CROSSROADS : Southern Rock has a bad reputation, especially in France. What do you think about it ?

John Molet : Many people have written and told bullshit about Southern Rock musicians. Some fuckin' journalists have written that Southern Music means Racism. It is really pity ! These kind of journalists should have done their real job, instead of writting such stupidities. Lynyrd has recorded "Sweet Home Alabama" with black chorists. The song "The Ballad of Curtis Loew" is a kind of hommage to an old black bluesman. There are many different examples like this. Calibre 12 plays a southern flag on stage. It is our way to give an homage to this kind of musical style and culture. If some people don't understand that, that's pity !

CROSSROADS : Calibre 12 often plays in Bikers meetings. What is there in common between Lynyrd Skynyrd, Budweiser and Harley Davidson ?

John Molet : Hey, it is a weird question ! Bikers universe is close to the seventies spirit so it is logical that they do enjoy this music.

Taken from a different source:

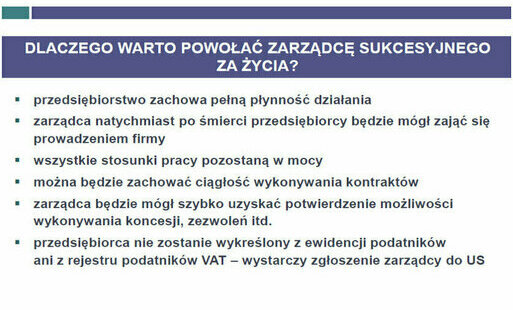 Zdjęcie do Sukcesja &ndash; ochrona i rozw&oacute;j Twojej firmy na pokolenia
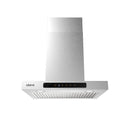 Campana extractora de pared CIARRA de 24 pulgadas con extracción de 3 velocidades CAS60102-OW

Free wheeling, big motorcycles, and great guitar sound, that's the secret !

CROSSROADS : Europe (France, Germany, Scandinavy) do have very good groups in this kind of music.
So do have the Japanese with Savoy Truffle. What do you think about this worldwide expansion ?

John Molet : I think it is a real good thing. Every country has many musicians that enjoy this kind of music, because it is authentically and real music, with many different feelings.

CROSSROADS : If the old famous bands are still alive and well, like Lynyrd Skynyrd, Molly hatchet and the Allman,
it seems that there are not many young groups. What do you think about that ?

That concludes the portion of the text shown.